The two numbers that square to make $$\frac{125}{4}$$ are $$\frac{\sqrt{125}}{2}$$ and $$\text-\frac{\sqrt{125}}{2}$$, so:

$$\displaystyle x-\frac52 = \pm \frac{\sqrt{125}}{2}$$

which means the two solutions are:

$$\displaystyle x = \frac52 \pm \frac{\sqrt{125}}{2}$$

Other times, it is most efficient to use the quadratic formula. Look at the quadratic equation:

$$\displaystyle 3x^2-2x = 0.8$$

We could divide each side by 3 and then complete the square like before, but the equation would get even messier and the chance of making a mistake might be higher.
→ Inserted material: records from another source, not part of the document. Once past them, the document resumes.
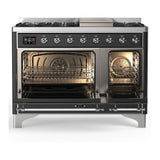 ILVE UM48FNR3MGC Majestic III 48 inch Dual Fuel Range with 8 Burners and Griddle, Dual Function Burner up to 25,000 BTU (Natural Gas, Triple Glass Door, Graphite Matte, Chrome)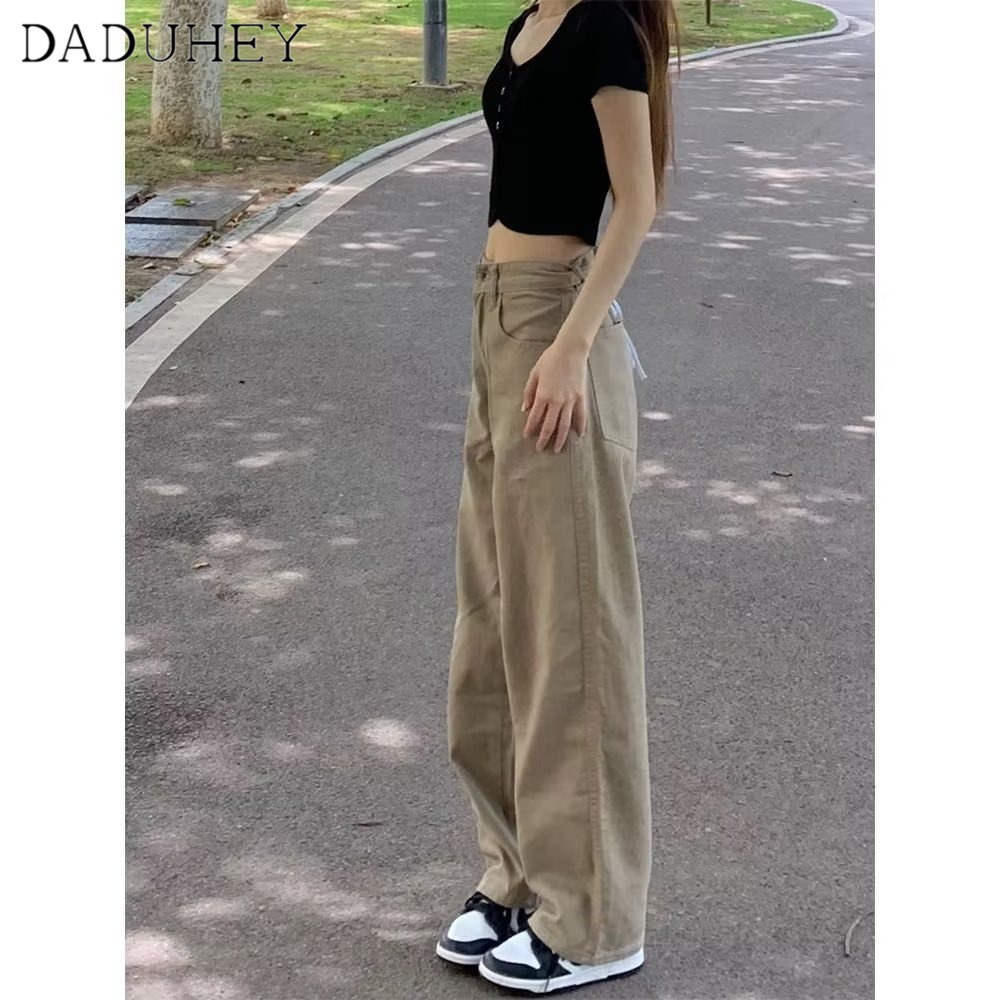 Ảnh Quần jeans kaki DADUHEY ống rộng lưng cao phong cách đường phố Mỹ cổ điển cao cấp cỡ lớn 2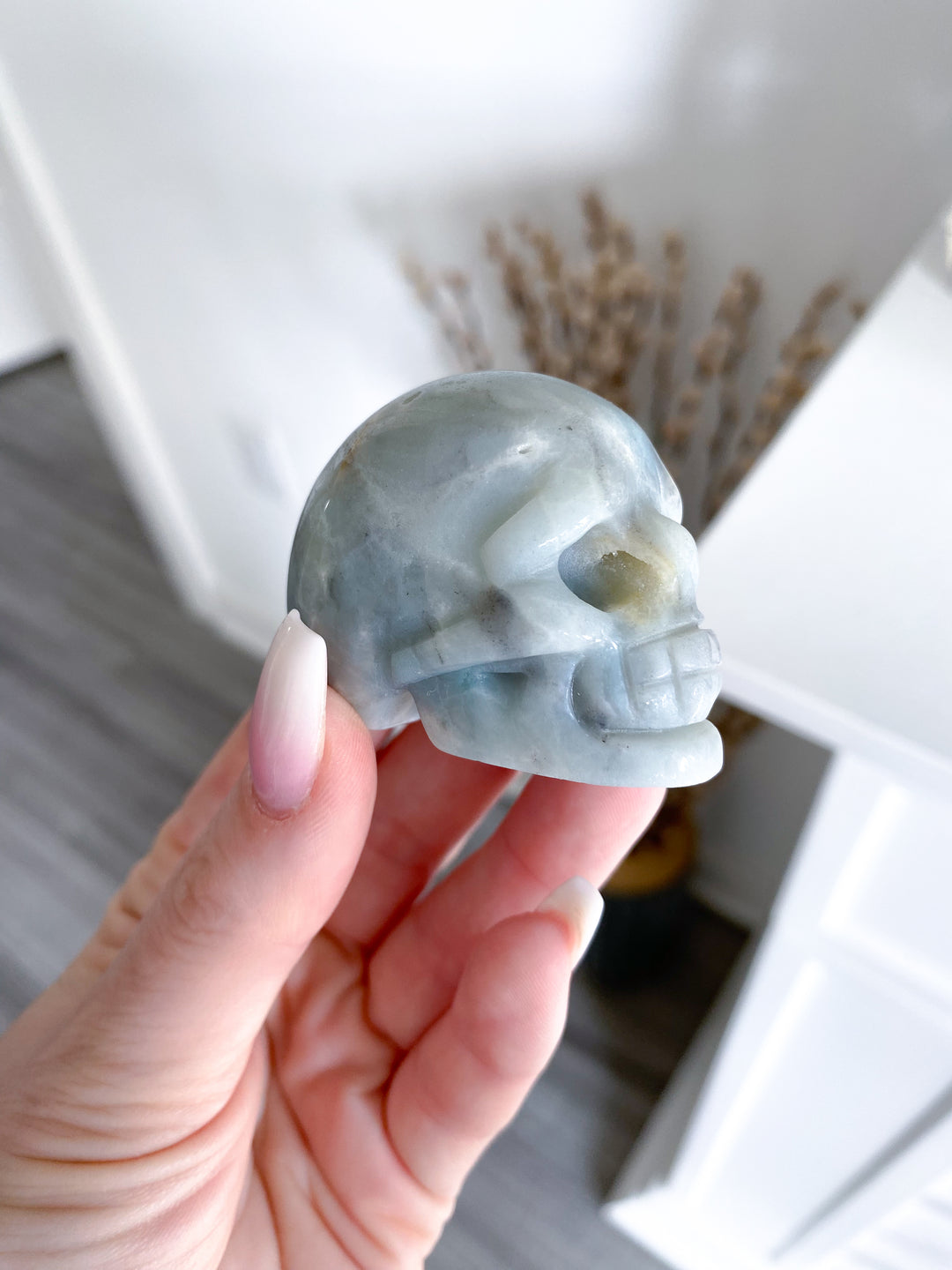 Sky Blue Quartz Small Skull -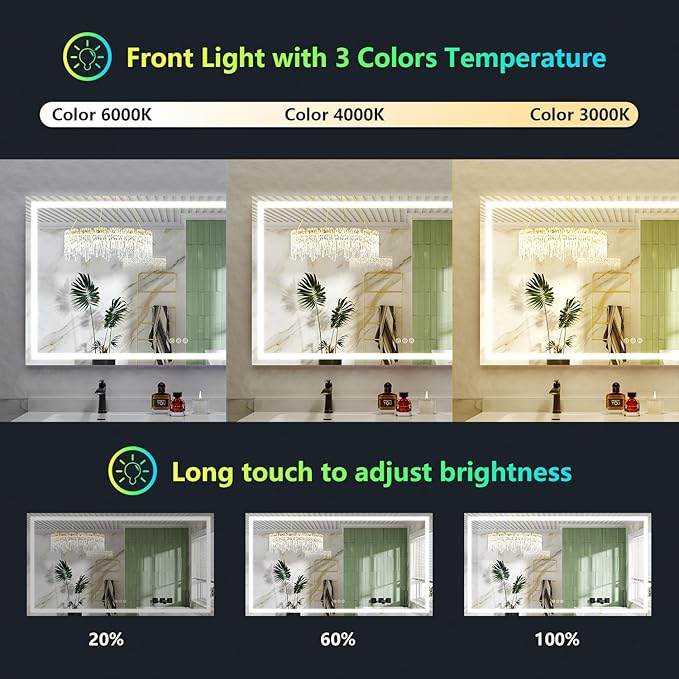 YEELAIT 72x40 Inch RGB LED Bathroom Mirror Front Light and RGB Backlit Lighted Vanity Mirror for Bathroom Wall Mounted Dimmable Anti Fog Memory Shatter-Proof IP54 Waterproof Horizontal/Vertical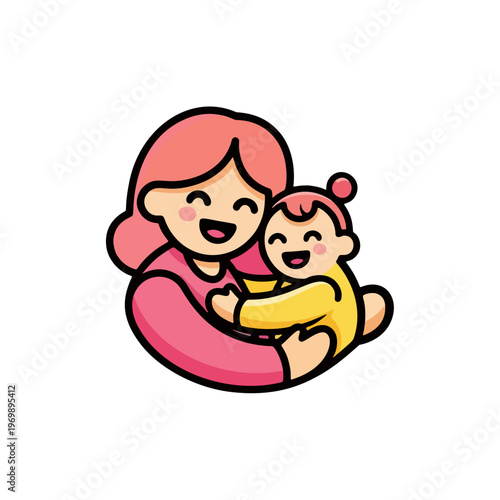 Loving mother holding her happy baby in an embrace, illustrating the bond and joy of parenthood and family love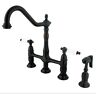 Ks1275plbs Kingston Brass Heritage Bridge Kitchen Faucet Orb Lever 663370034817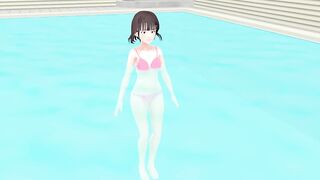 Toyota's anime girl shakes big breasts in a pink bikini - 7 image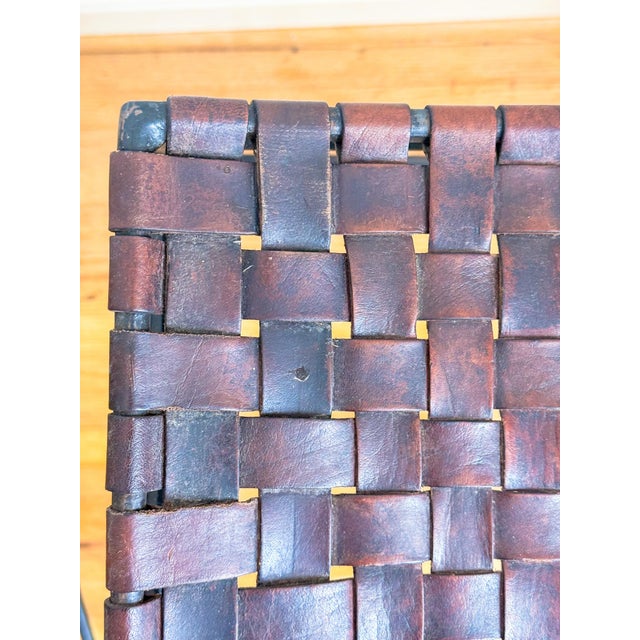French Mid Century Industrial Style Brown Woven Leather and Iron Counter Stools After Lila Swift and Donald Monell For Sale - Image 17 of 18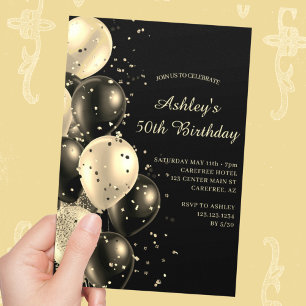 Confetti Balloons Black and Gold 50th Birthday Invitation
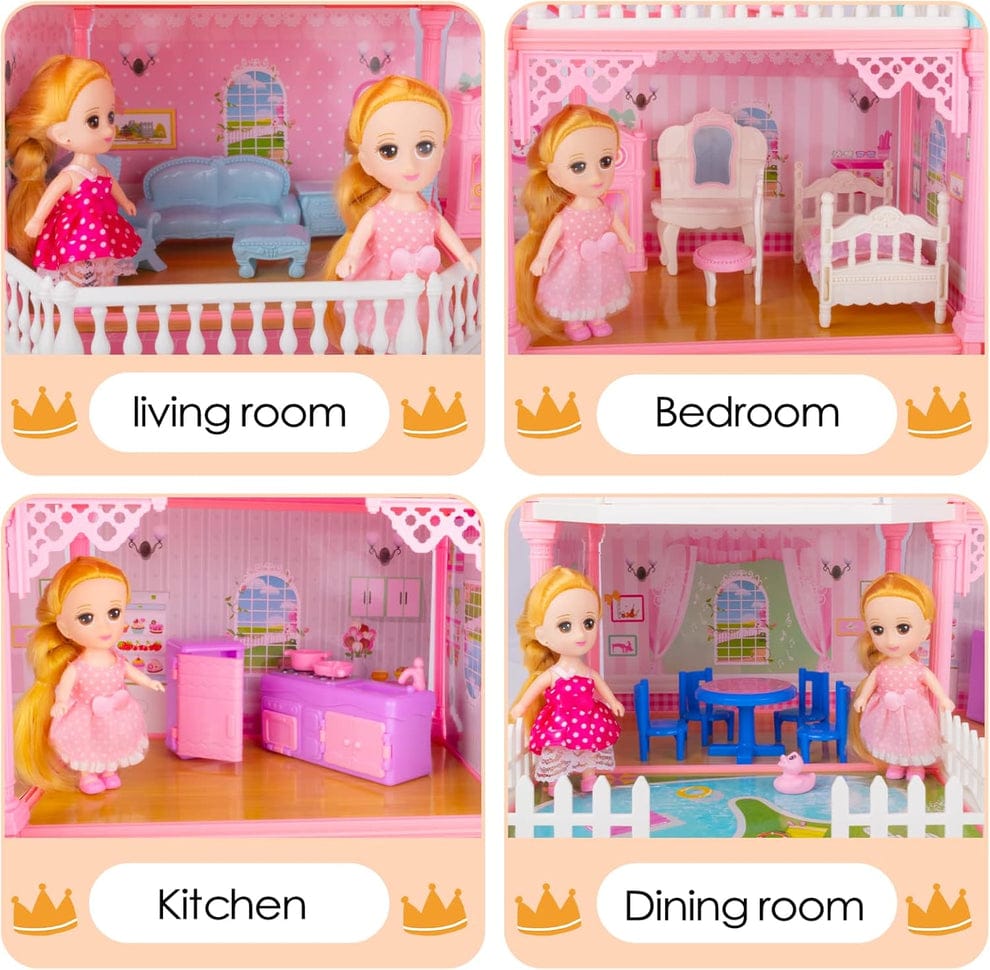 Plastic dollhouse with 1 doll&nbsp;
With messier equations like this, it is often most efficient to use the quadratic formula:

$$\displaystyle x = {\text-b \pm \sqrt{b^2-4ac} \over 2a}$$

To use this formula, we first need to put the equation in standard form and identify $$a$$, $$b$$, and $$c$$. Rearranging, we get:

$$\displaystyle 3x^2 - 2x -0.8 =0$$

so $$a=3$$, $$b=\text-2$$, and $$c=\text-0.8$$. We have to be careful to pay attention to the negative signs. Using the quadratic formula, we get:

$$\displaystyle x = {\text-(\text-2) \pm \sqrt{(\text-2)^2-4(3)(\text-0.8)} \over 2(3)}$$

$$\displaystyle x = {2 \pm \sqrt{4+(12)(0.8)} \over 6}$$

Evaluating these solutions with a calculator gives decimal approximations -0.281 and 0.948.